Kilar, however, is emblematic of HBO Max’s uncertain shape to come. He’s reportedly maneuvering toward his exit, after he was kept in the dark about the Discovery deal until the 11th hour and was given no publicly defined role to help lead the new company.
HBO Max, Discovery Plus and the future of WarnerMedia/Discovery streaming
HBO’s regular channel and HBO Max, which launched in 2020, had a combined 44.2 million subscribers in the first quarter; the company doesn’t break out its streaming subscriber count. Discovery has 15 million streaming subscribers worldwide, most of them for Discovery Plus. Its linear networks reach far more.
But that pales compared with Netflix‘s 207 million subscribers.‘ 103 million subscribers — and
The crowned leader of the new, merged company, Discovery’s current CEO, David Zaslav, described the future of its streaming services only in broad strokes.
“The combination will fully establish us as one of the leading direct-to-consumer streaming players worldwide,” Zaslav said Monday during a conference call. “We’ll figure out exactly how to do it in each market, and we’ll probably experiment in a lot of markets.”
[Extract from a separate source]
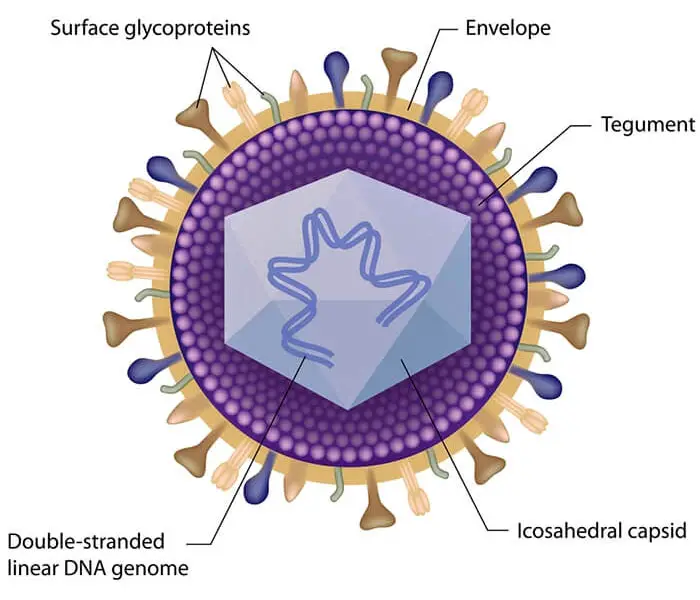 Herpes-Simplex-Virus-Structure-Diagram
That means, essentially, anything could happen to services like Max. Possibilities include the potential to combine them into a sort of HBO Discovery Max Plus uber-service. Or keep them separate with bundles that lower a customers’ total subscription bill if they sign up for more than one in a package, a la Disney’s three-fer bundle of Disney Plus, Hulu and ESPN Plus.
Monday’s deal also virtually promises that a ton of money is going to get poured (again) into HBO Max and Discovery Plus.
The deal itself acknowledges that to compete, media companies must shovel mountains of spending into content and streaming to gain ground if they’re to have anywhere to stand in the future of television and film. AT&T, with its focus on next-gen 5G mobility and other telecom services, didn’t have an appetite for the big-ticket, flexible spending that’s become the competitive standard in Hollywood.
The new, merged company will spend $20 billion a year on content. That puts it in the same ballpark as Netflix, which spent $17 billion last year and is expected to have a budget equal to that this year. But it’s still unclear how much of that spending on programming will be devoted to streaming — and how much will be, first and foremost, dedicated to the companies’ sprawling matrix of regular, linear networks.
WarnerMedia is AT&T’s unit that oversees popular entertainment and news brands such as HBO,, CNN, TBS, TNT and more. It was the product of AT&T’s hard-won $85 billion takeover of Time Warner in 2018, at the time built on the premise that combining AT&T’s distribution power as a telecom company with the programming assets of a media conglomerate would be stronger together. It was approved after alleviating regulators’ concerns that the combined company could have too much power compared with competitors.
Discovery is home to its namesake network, HGTV, TLC, Animal Planet and other nonfiction-focused networks. Internationally, Discovery also has assets and strategies in sports programming too.
Through the deal, AT&T would receive $43 billion in a combination of cash, debt securities and WarnerMedia’s retention of certain debt, and AT&T’s shareholders would receive stock representing 71% of the new company. Discovery shareholders would own 29% of the new company.
The deal was earlier reported by Bloomberg, which cited unidentified sources described as having knowledge of the matter.
AT&T said the deal is expected to close in mid-2022, subject in part to approval by Discovery shareholders. The boards of both AT&T and Discovery have approved the transaction, and no vote is required by AT&T shareholders, the company said.